[Data extracted from a collection]
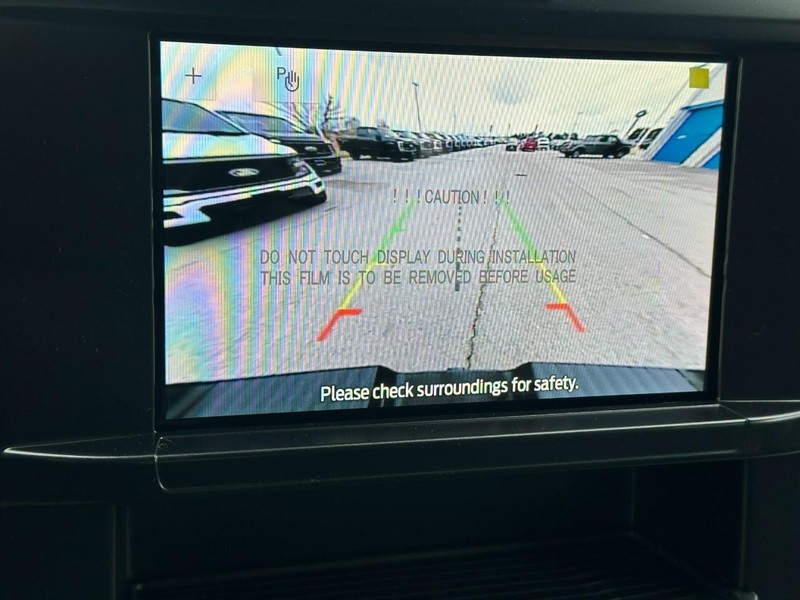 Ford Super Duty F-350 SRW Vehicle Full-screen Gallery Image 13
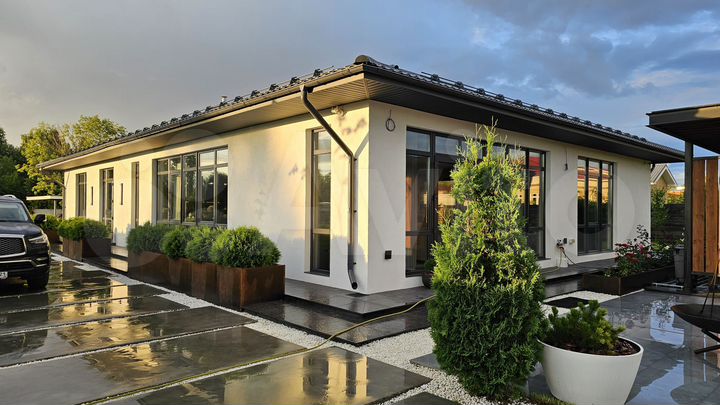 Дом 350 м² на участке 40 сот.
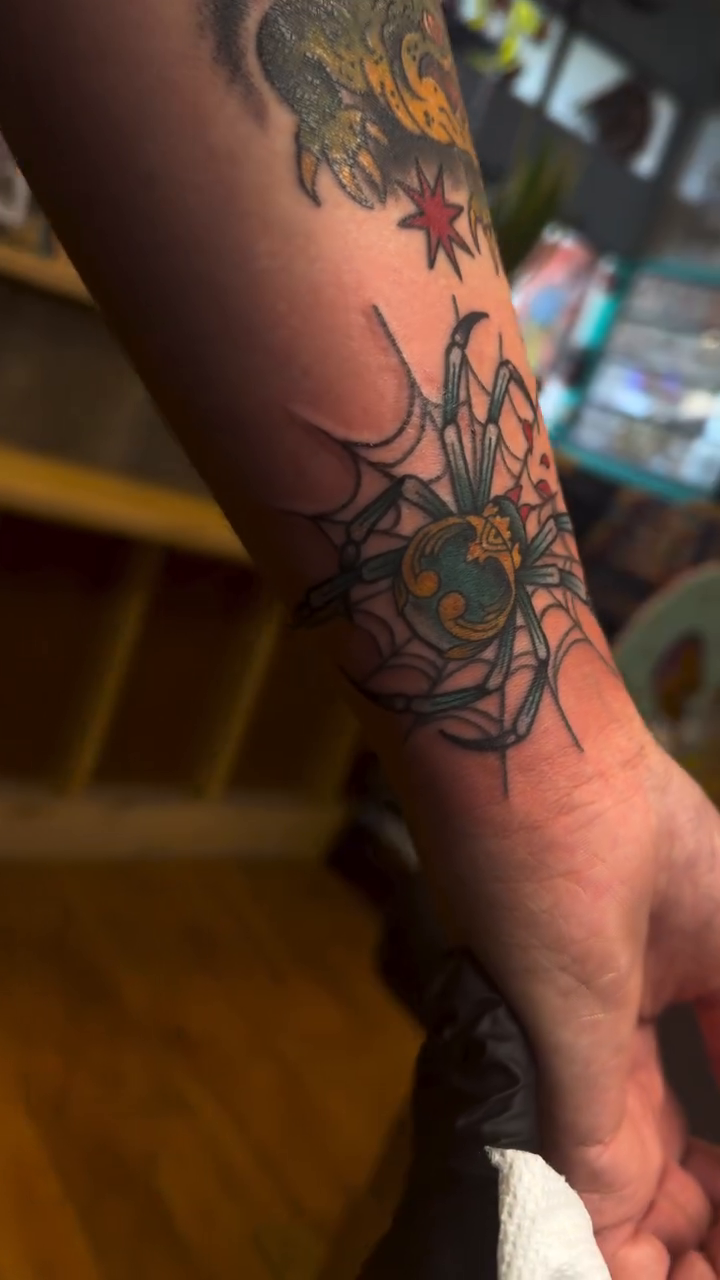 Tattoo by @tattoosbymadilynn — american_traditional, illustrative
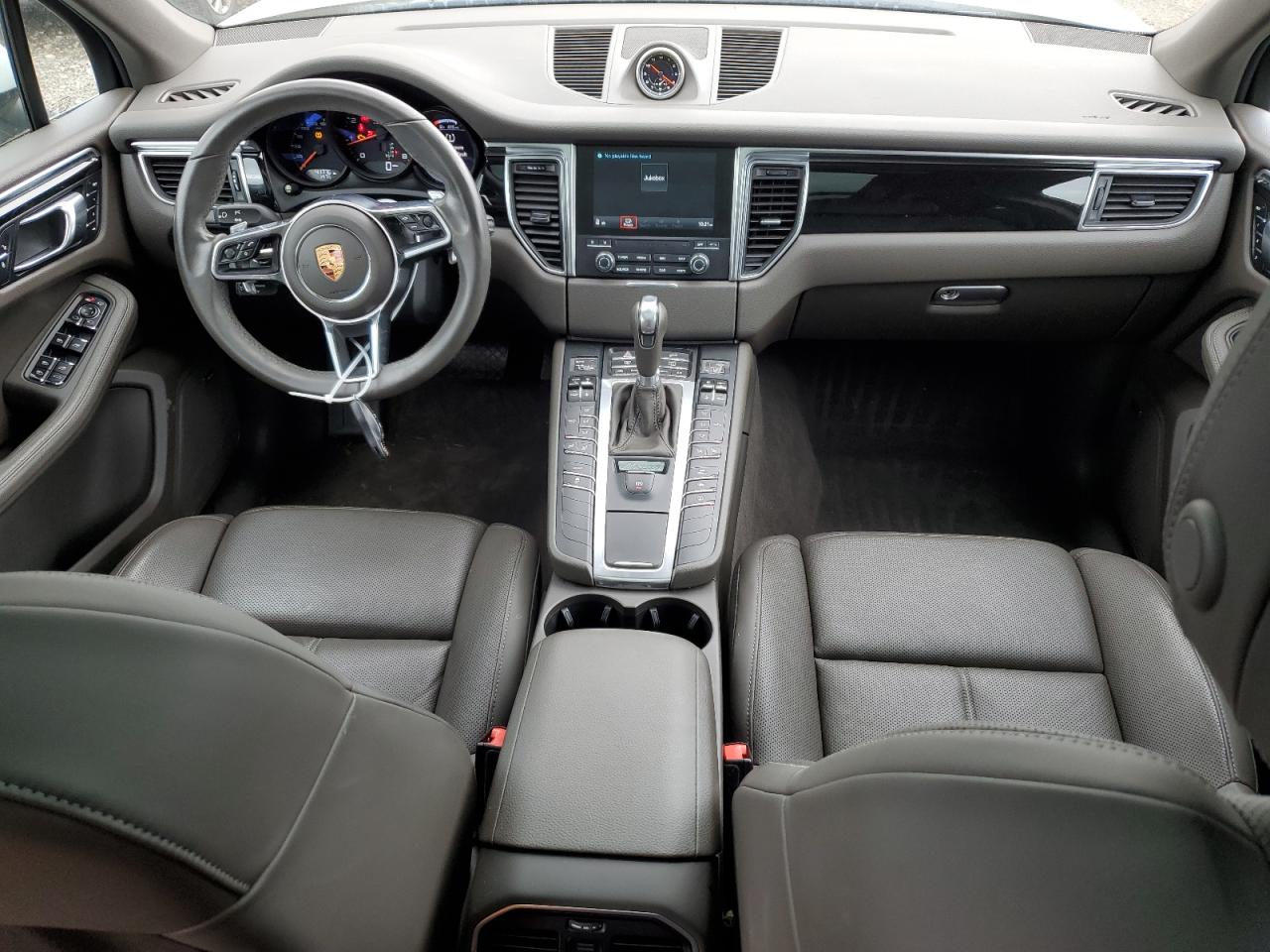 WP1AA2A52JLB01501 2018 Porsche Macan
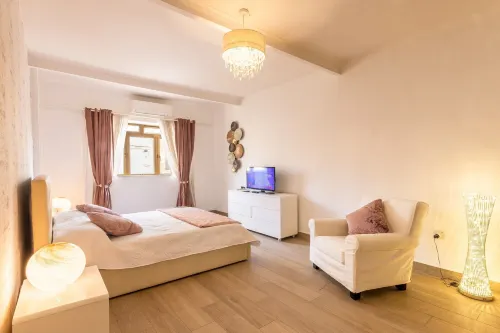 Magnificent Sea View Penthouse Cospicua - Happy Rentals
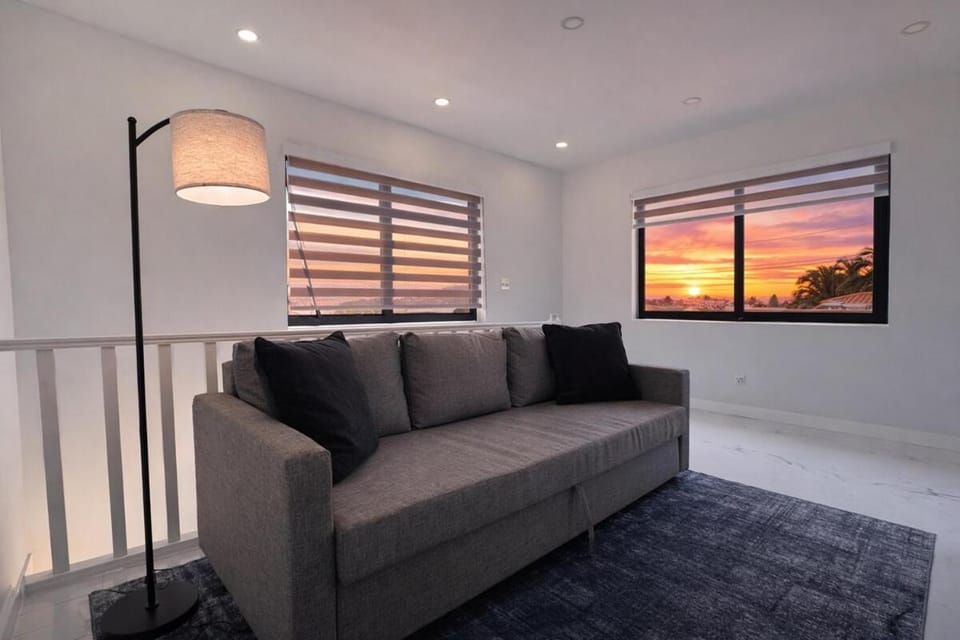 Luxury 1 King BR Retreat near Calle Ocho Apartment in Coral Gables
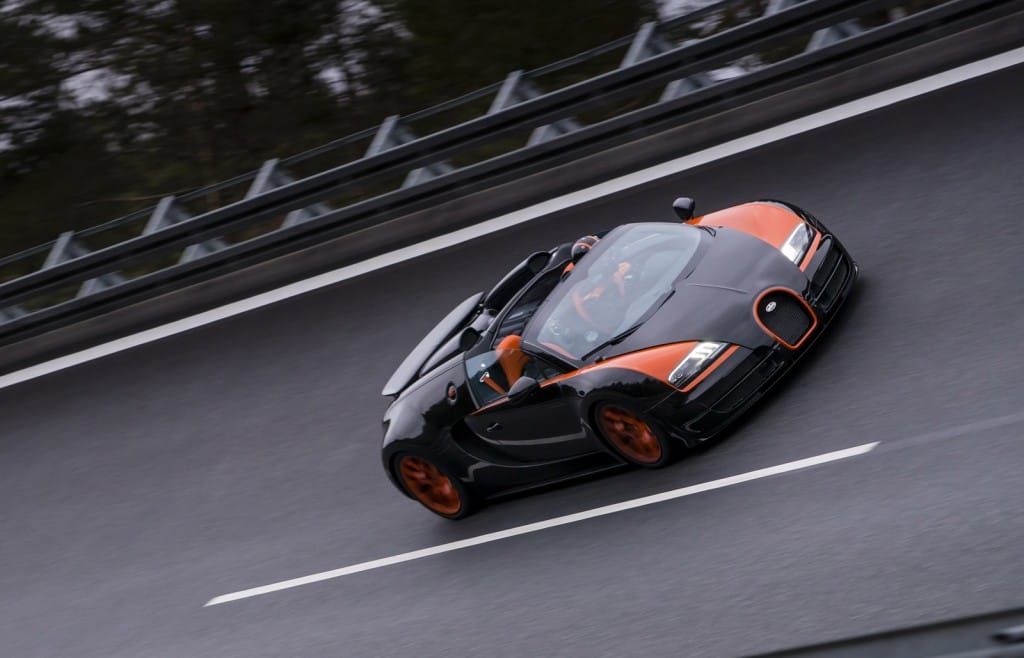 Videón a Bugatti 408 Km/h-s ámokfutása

> _ASSIGNMENT_
Give again, word for word, the lines from the one containing "Tattoo by @tattoosbymadilynn" through the last line of the entries, with pictures omitted and nothing added.

> _SOLUTION TO THIS PROBLEM_
 Tattoo by @tattoosbymadilynn — american_traditional, illustrative
 WP1AA2A52JLB01501 2018 Porsche Macan
 Magnificent Sea View Penthouse Cospicua - Happy Rentals
 Luxury 1 King BR Retreat near Calle Ocho Apartment in Coral Gables
 Videón a Bugatti 408 Km/h-s ámokfutása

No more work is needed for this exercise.